=== Brief ===
In the records below, find the line containing "DMoose Fitness Elbow" and the line containing "Refreshing iced tea"; please repeat exactly the lines from one to the other, both included, and nothing more.

=== Data supplied ===
---

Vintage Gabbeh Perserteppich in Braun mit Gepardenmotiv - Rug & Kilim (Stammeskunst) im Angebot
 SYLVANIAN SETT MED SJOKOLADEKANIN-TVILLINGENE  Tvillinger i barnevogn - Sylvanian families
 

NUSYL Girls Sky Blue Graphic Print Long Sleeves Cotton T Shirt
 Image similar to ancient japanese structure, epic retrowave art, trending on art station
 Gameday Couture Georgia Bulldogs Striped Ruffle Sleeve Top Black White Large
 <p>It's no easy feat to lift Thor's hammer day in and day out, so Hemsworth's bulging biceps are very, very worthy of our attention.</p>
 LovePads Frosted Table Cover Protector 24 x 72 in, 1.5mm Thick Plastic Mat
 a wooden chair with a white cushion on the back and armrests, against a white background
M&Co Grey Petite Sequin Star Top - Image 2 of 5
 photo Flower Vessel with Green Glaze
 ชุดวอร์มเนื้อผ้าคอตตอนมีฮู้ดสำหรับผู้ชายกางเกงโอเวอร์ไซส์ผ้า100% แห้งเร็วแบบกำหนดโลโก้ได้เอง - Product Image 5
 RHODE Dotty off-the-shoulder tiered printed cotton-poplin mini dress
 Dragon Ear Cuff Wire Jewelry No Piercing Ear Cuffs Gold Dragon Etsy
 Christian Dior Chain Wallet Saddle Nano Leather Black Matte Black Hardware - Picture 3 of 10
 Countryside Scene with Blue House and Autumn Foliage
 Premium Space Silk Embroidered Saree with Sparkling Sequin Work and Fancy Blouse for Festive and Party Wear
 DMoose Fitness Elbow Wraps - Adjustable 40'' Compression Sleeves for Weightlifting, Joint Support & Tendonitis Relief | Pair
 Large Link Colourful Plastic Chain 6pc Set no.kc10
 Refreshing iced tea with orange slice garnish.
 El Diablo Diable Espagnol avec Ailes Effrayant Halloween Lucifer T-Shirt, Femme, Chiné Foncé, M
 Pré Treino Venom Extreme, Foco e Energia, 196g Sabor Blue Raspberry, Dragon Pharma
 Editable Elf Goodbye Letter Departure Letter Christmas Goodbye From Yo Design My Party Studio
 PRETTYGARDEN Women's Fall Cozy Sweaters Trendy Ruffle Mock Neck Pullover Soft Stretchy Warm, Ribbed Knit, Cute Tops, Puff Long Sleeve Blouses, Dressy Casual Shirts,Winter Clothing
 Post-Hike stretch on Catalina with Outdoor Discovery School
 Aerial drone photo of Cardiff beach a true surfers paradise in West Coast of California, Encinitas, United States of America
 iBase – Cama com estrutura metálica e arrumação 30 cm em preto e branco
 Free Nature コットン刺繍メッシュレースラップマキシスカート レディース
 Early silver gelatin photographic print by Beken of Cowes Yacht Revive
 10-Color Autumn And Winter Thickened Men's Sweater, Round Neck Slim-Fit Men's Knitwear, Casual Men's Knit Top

---

=== Reply to the exercise ===
 DMoose Fitness Elbow Wraps - Adjustable 40'' Compression Sleeves for Weightlifting, Joint Support & Tendonitis Relief | Pair
 Large Link Colourful Plastic Chain 6pc Set no.kc10
 Refreshing iced tea with orange slice garnish.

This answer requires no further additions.